**What is needed**
Using the data below, restate exactly every line from the one with "Pop art cat" up to and including the one with "Port Designs 900540". No picture belongs in it.

**Input data**
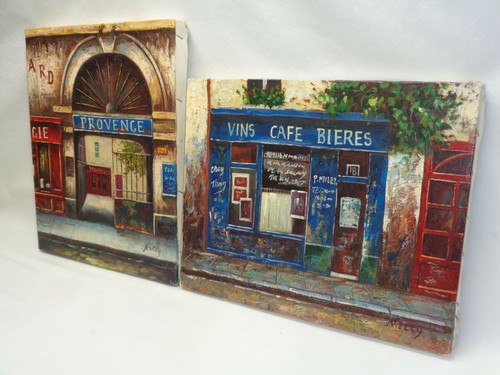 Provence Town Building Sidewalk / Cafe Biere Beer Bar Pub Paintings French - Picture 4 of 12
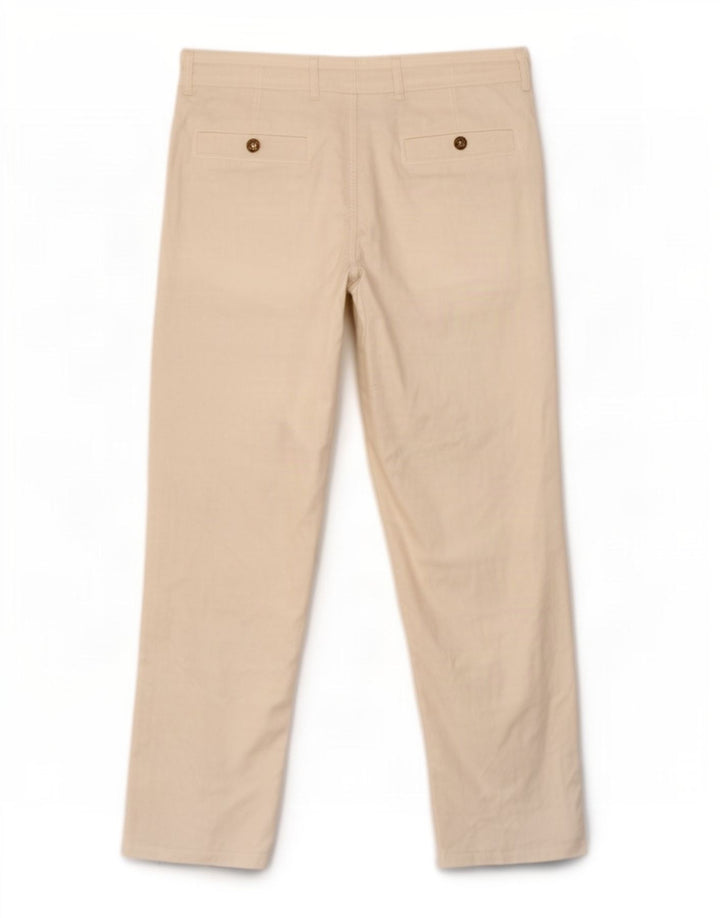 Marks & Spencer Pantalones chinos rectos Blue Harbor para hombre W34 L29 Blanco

--

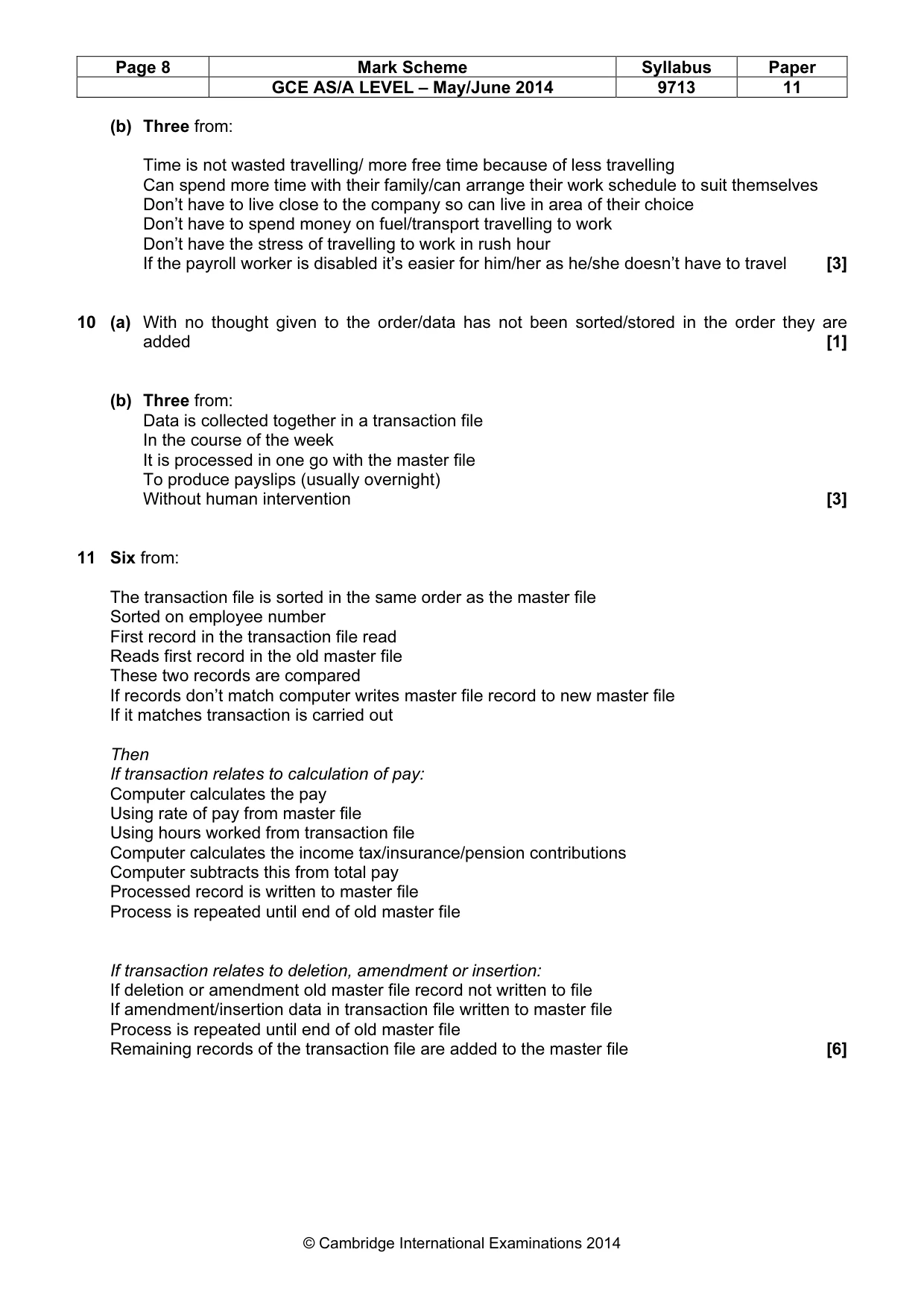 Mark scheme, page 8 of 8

--

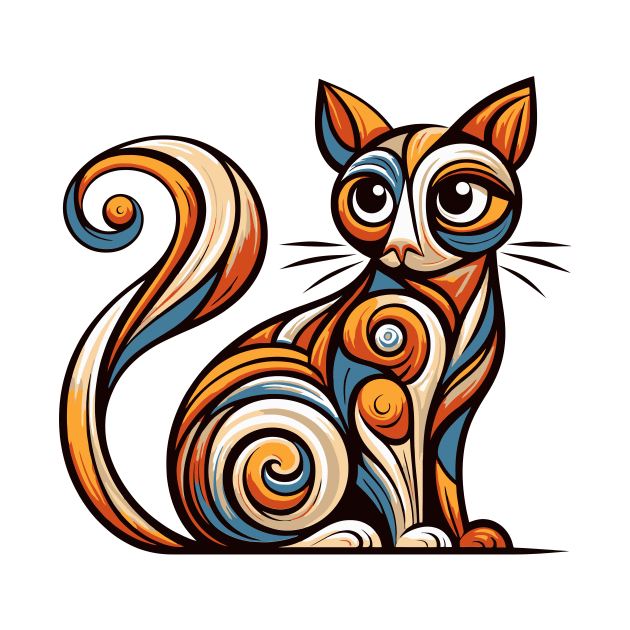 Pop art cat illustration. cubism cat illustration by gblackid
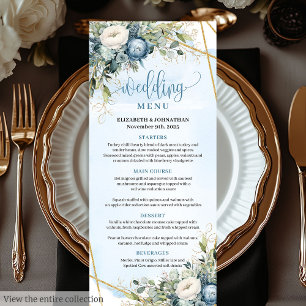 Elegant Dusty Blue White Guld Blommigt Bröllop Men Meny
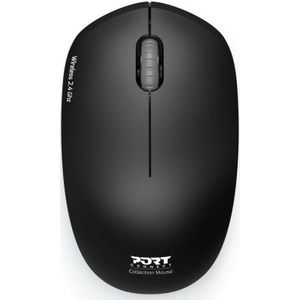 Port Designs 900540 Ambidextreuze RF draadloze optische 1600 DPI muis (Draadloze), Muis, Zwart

**Answer below**
 Pop art cat illustration. cubism cat illustration by gblackid
 Elegant Dusty Blue White Guld Blommigt Bröllop Men Meny
 Port Designs 900540 Ambidextreuze RF draadloze optische 1600 DPI muis (Draadloze), Muis, Zwart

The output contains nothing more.